▸ WHAT TO WORK ON
In the records below, find the line holding "yeast-rolls-recipe"; copy it and every line after it to the end, omitting all images.

[Opening EXERCISE INPUT section]

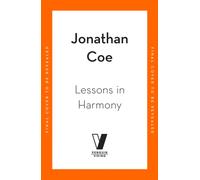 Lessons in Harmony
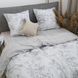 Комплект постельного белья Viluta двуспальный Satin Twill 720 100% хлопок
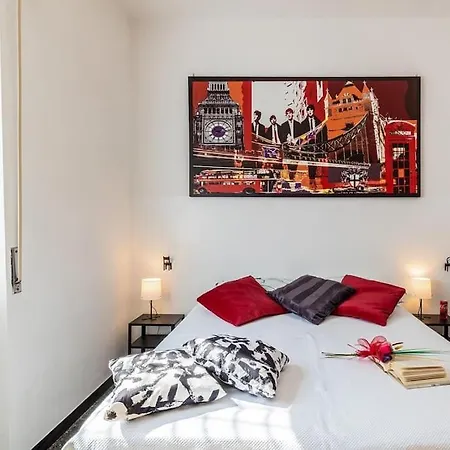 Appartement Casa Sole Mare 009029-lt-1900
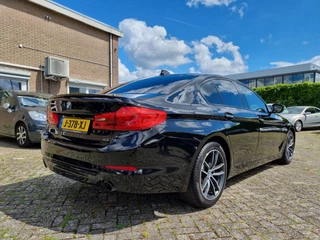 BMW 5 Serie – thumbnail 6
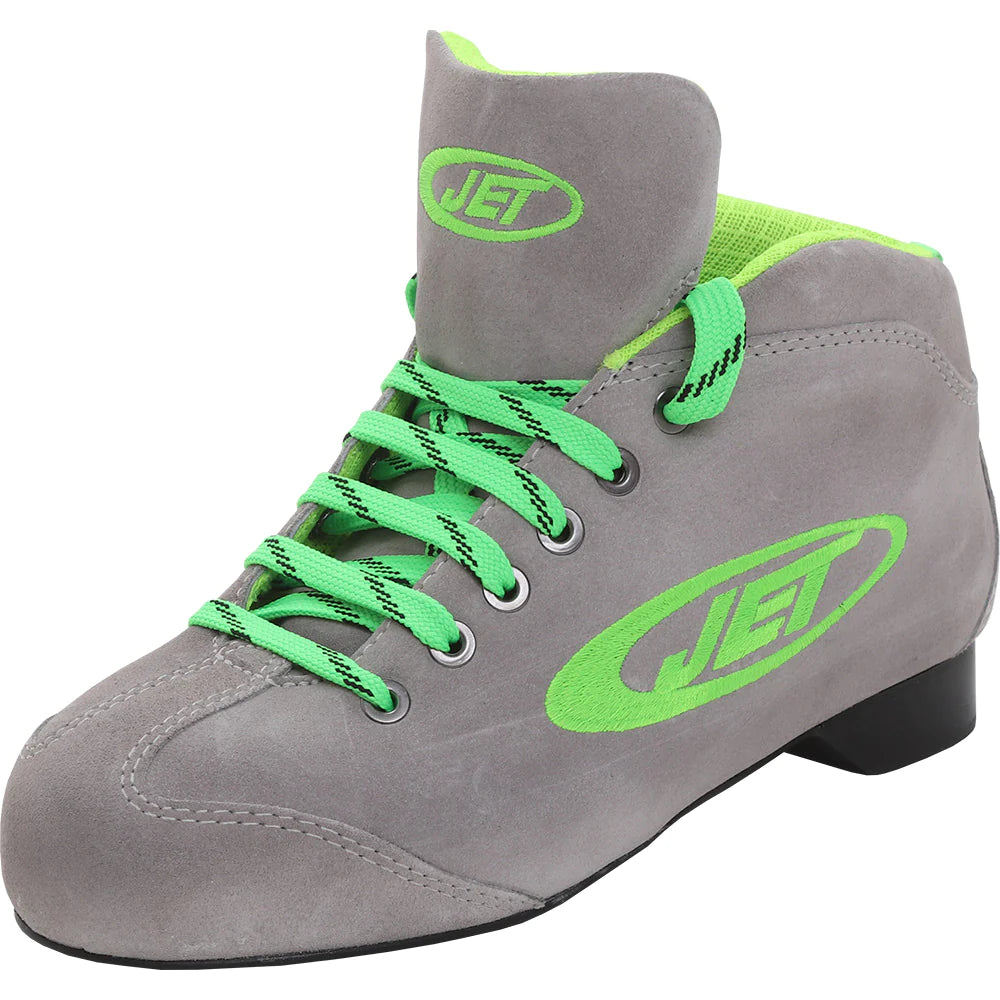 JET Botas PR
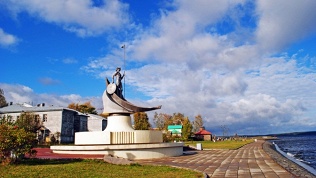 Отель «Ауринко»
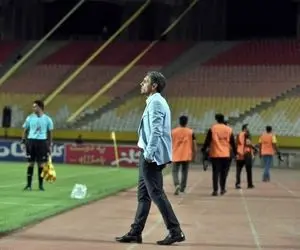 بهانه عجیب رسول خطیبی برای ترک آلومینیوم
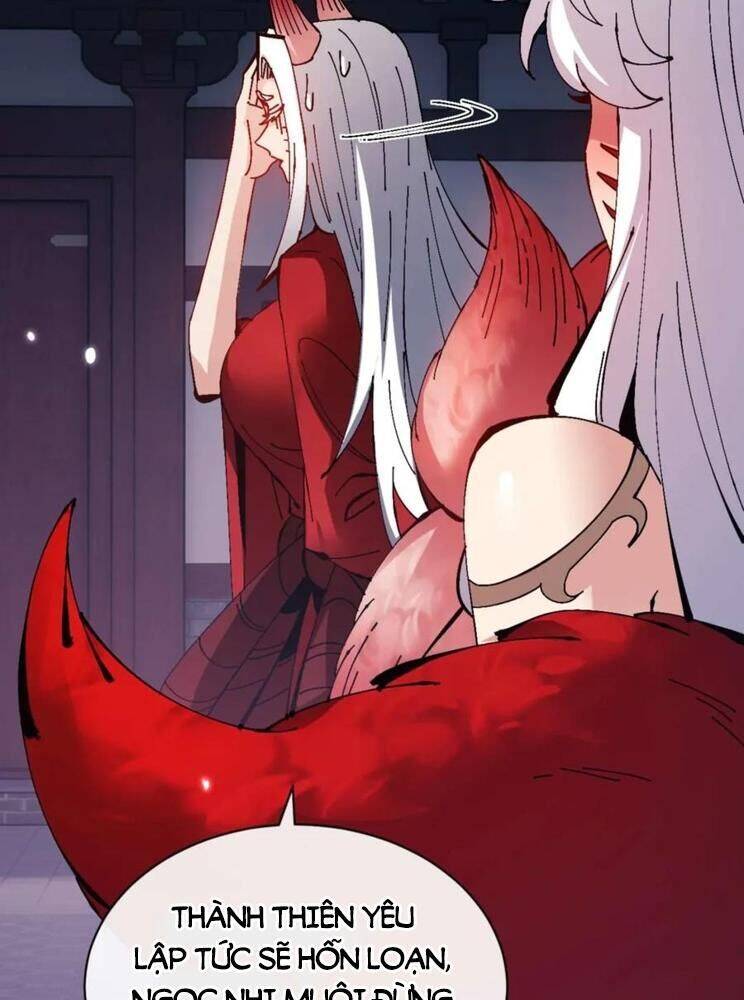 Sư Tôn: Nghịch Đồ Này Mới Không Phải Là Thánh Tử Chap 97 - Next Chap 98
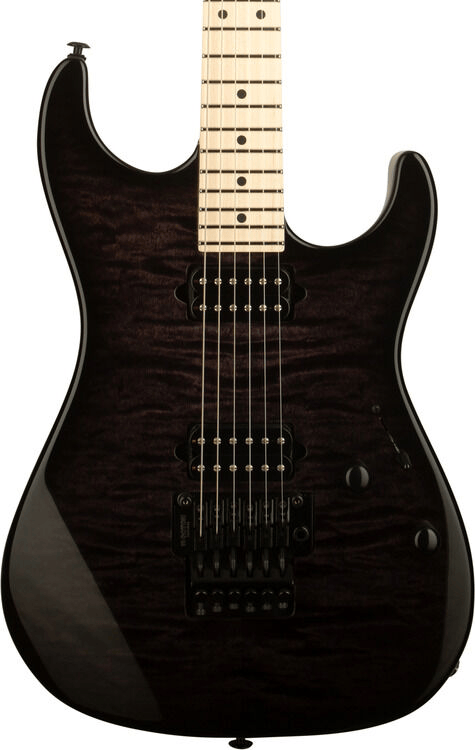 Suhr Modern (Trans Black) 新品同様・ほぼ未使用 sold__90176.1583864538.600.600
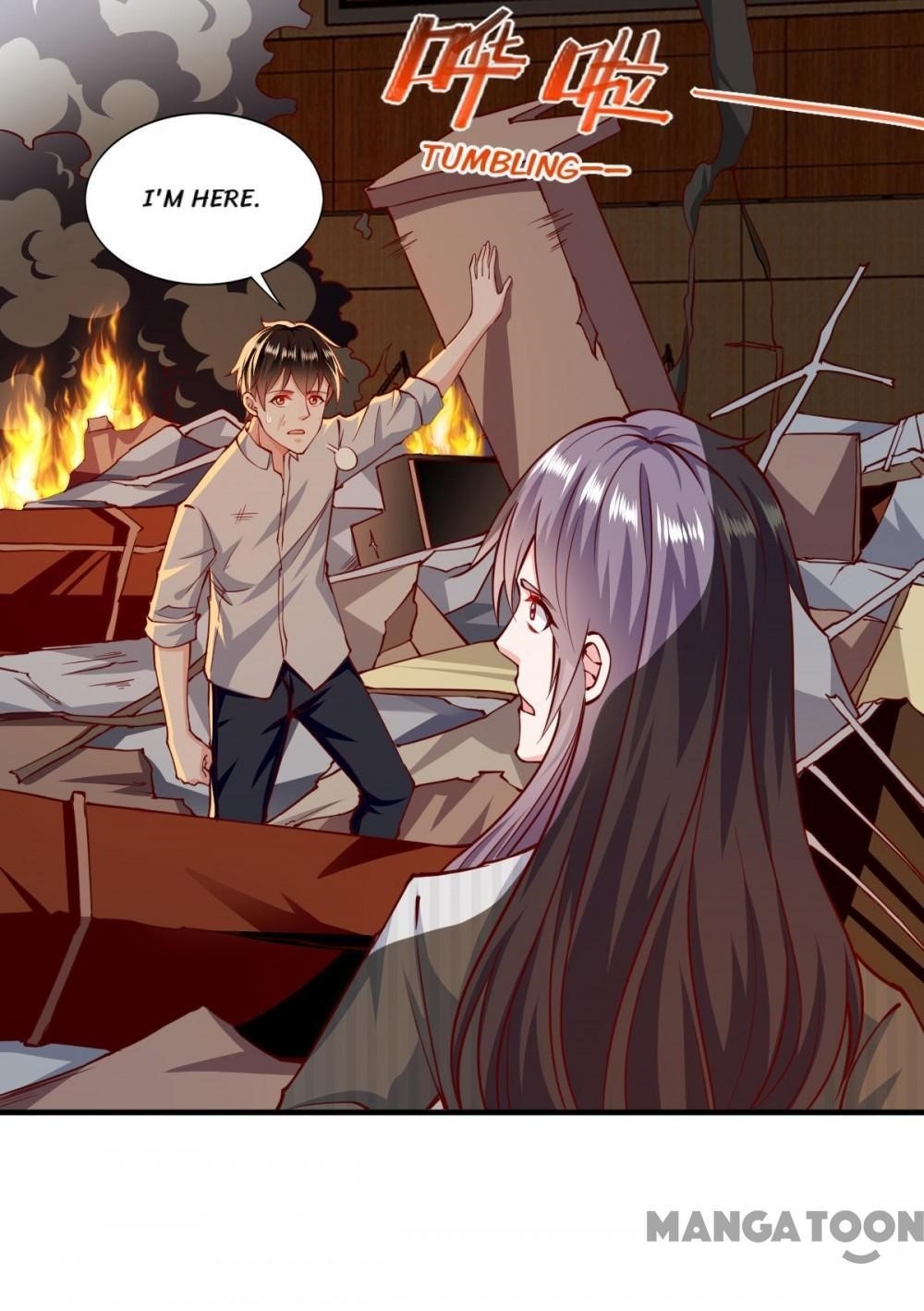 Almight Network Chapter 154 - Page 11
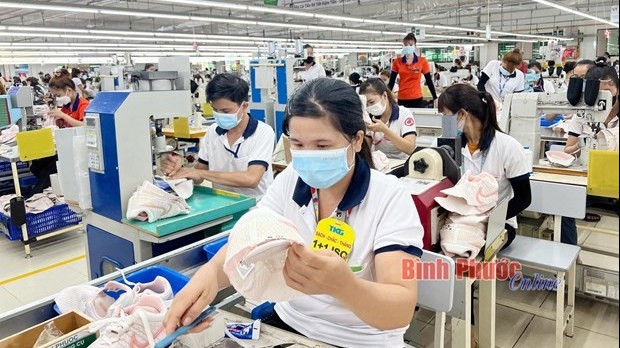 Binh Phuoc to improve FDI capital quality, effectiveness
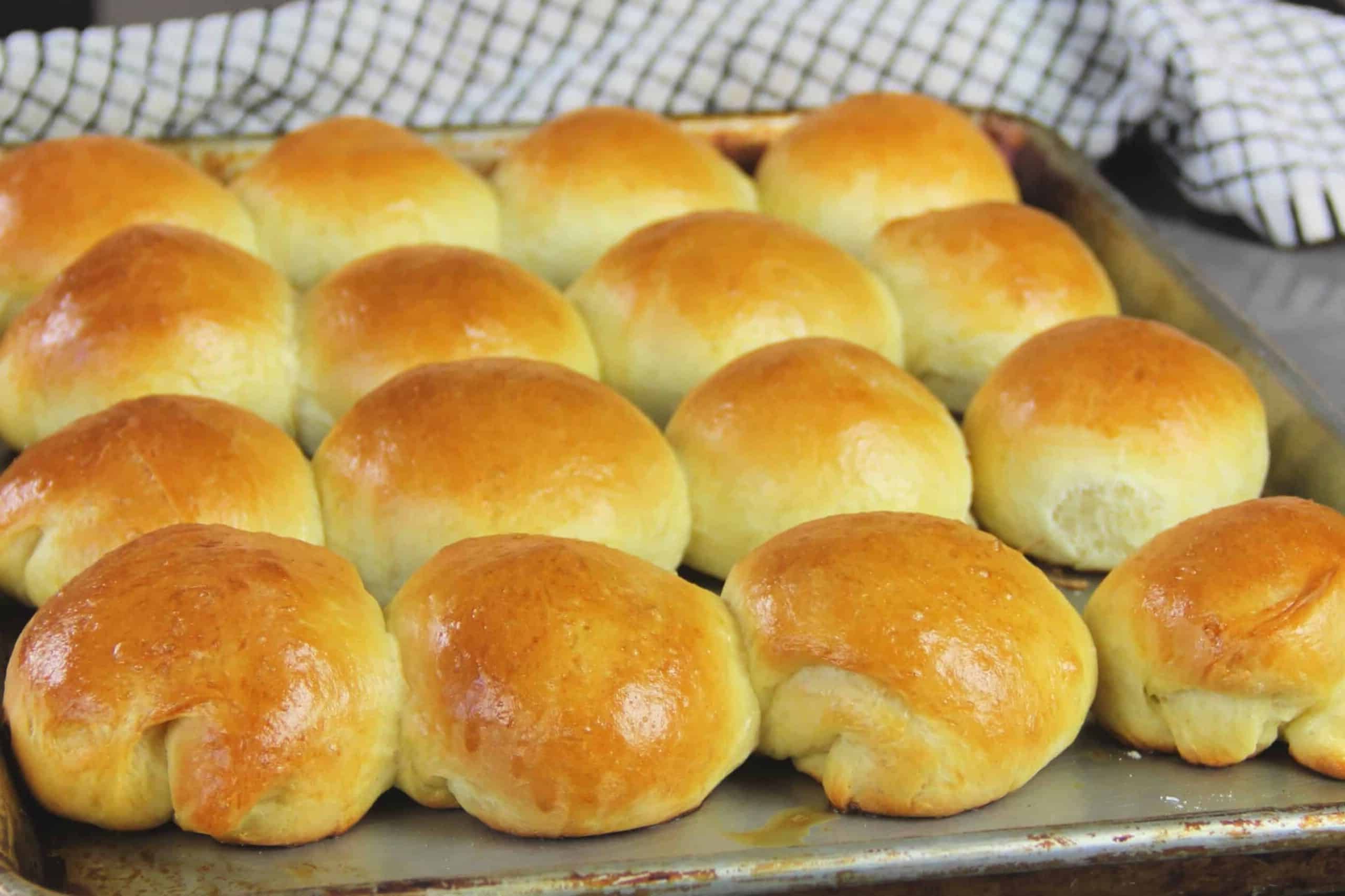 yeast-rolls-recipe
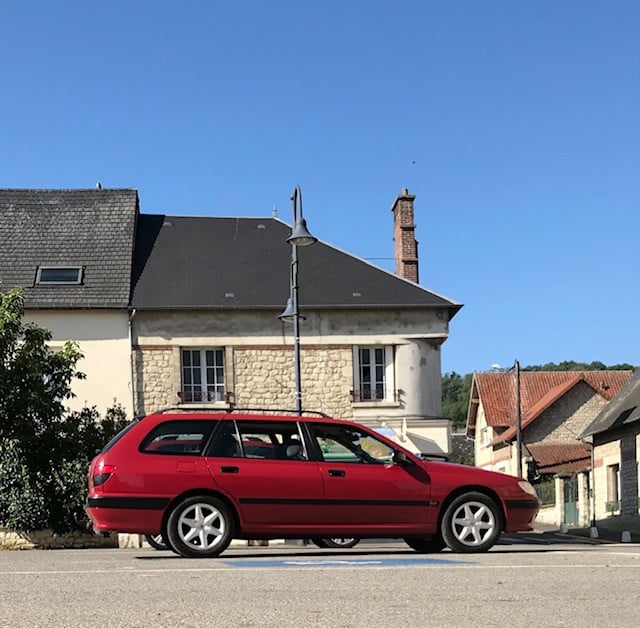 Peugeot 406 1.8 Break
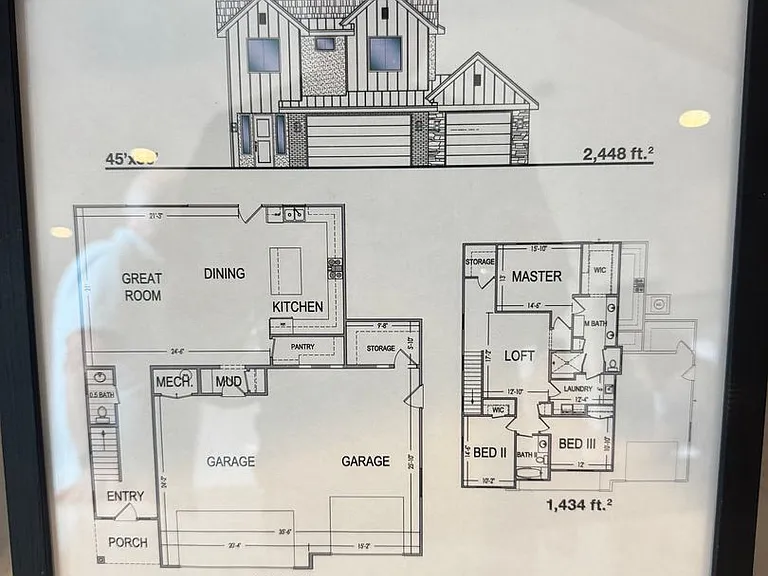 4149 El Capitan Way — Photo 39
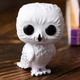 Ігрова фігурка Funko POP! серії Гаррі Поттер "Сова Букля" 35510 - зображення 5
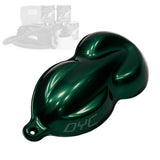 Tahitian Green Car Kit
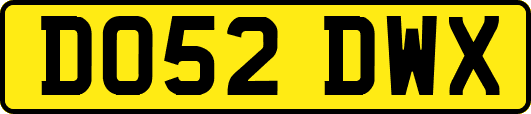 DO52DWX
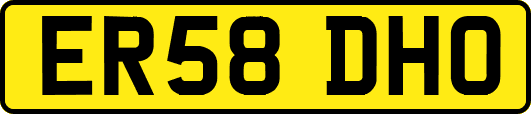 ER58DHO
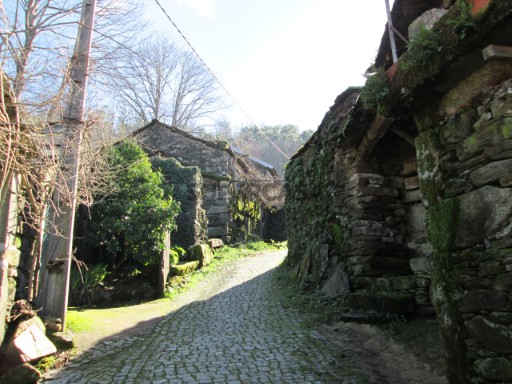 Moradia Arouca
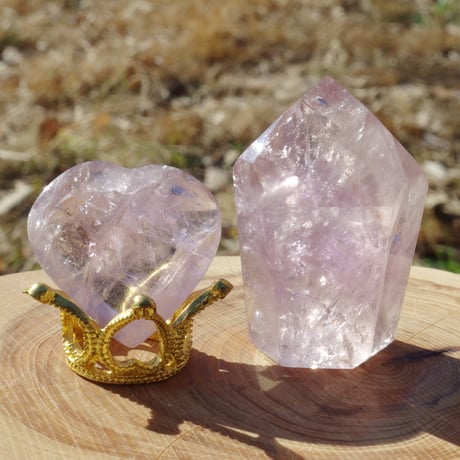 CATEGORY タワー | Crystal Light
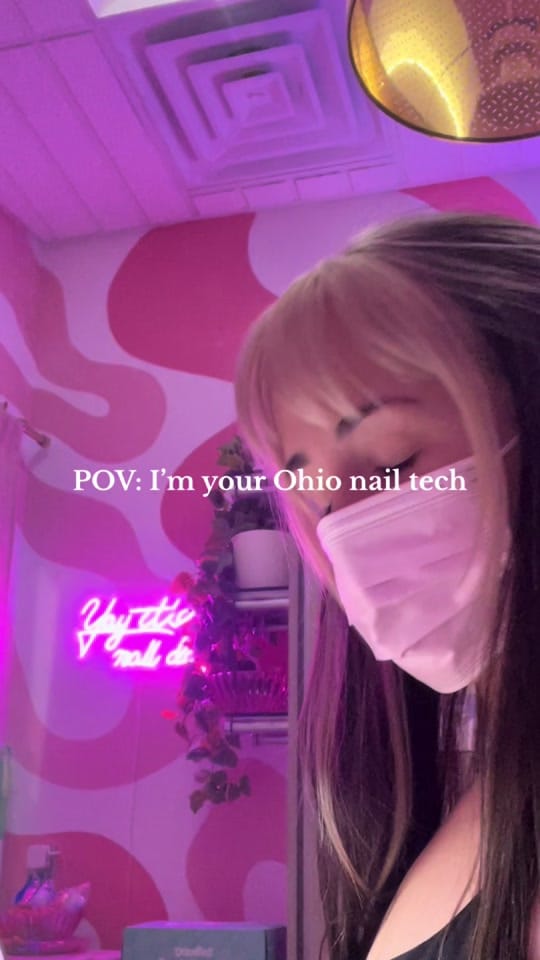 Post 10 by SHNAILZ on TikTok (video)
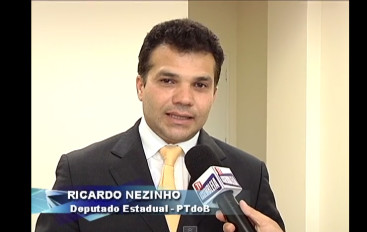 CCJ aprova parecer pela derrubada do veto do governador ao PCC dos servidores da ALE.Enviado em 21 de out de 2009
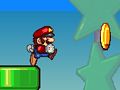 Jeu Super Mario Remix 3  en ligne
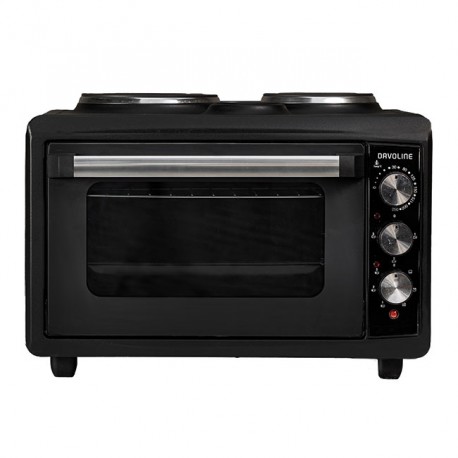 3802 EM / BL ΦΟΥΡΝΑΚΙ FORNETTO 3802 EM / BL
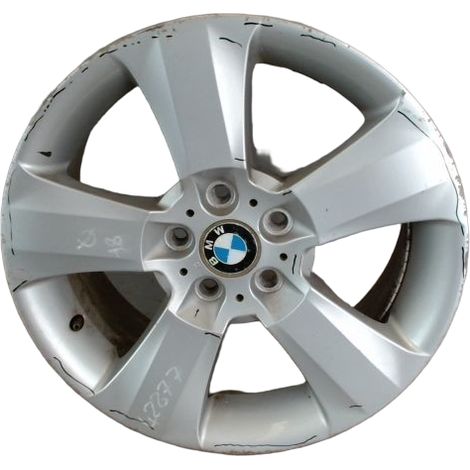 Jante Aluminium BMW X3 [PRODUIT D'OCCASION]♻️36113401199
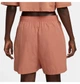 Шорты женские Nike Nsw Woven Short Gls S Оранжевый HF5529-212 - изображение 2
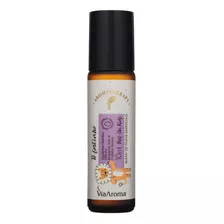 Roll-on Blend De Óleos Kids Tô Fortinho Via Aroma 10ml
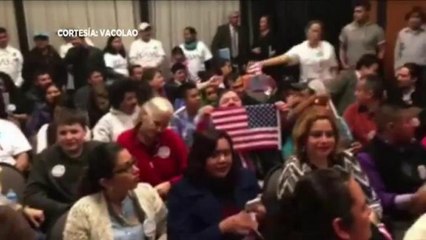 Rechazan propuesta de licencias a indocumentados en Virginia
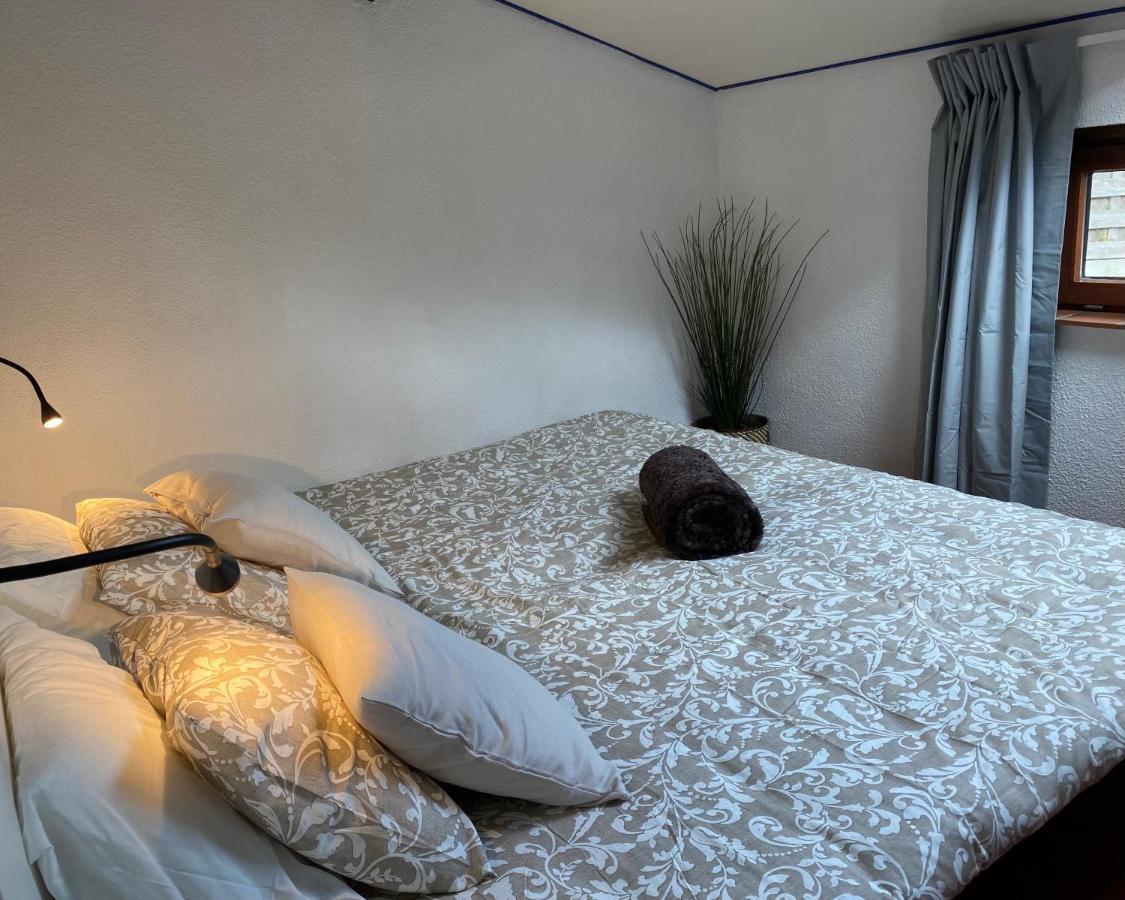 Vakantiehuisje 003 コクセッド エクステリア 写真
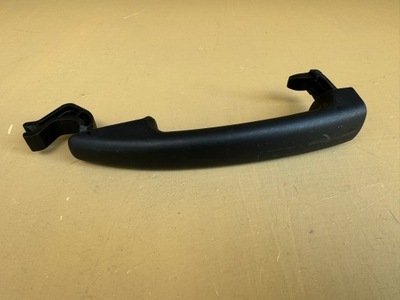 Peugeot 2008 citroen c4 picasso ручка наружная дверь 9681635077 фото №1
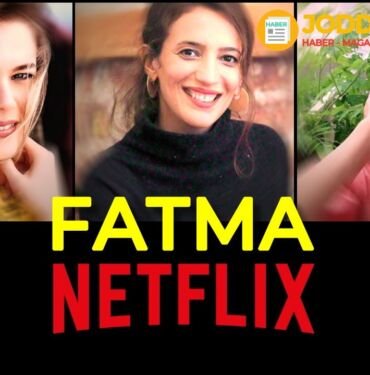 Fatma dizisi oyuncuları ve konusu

[Closing EXERCISE INPUT section]

▸ RESPONSE TO THIS EXERCISE
 yeast-rolls-recipe
 Peugeot 406 1.8 Break
 4149 El Capitan Way — Photo 39
 Ігрова фігурка Funko POP! серії Гаррі Поттер "Сова Букля" 35510 - зображення 5
 Tahitian Green Car Kit
 DO52DWX
 ER58DHO
 Moradia Arouca
 CATEGORY タワー | Crystal Light
 Post 10 by SHNAILZ on TikTok (video)
 CCJ aprova parecer pela derrubada do veto do governador ao PCC dos servidores da ALE.Enviado em 21 de out de 2009
 Jeu Super Mario Remix 3  en ligne
 3802 EM / BL ΦΟΥΡΝΑΚΙ FORNETTO 3802 EM / BL
 Jante Aluminium BMW X3 [PRODUIT D'OCCASION]♻️36113401199
 Шорты женские Nike Nsw Woven Short Gls S Оранжевый HF5529-212 - изображение 2
 Roll-on Blend De Óleos Kids Tô Fortinho Via Aroma 10ml
 Rechazan propuesta de licencias a indocumentados en Virginia
 Vakantiehuisje 003 コクセッド エクステリア 写真
 Peugeot 2008 citroen c4 picasso ручка наружная дверь 9681635077 фото №1
 Fatma dizisi oyuncuları ve konusu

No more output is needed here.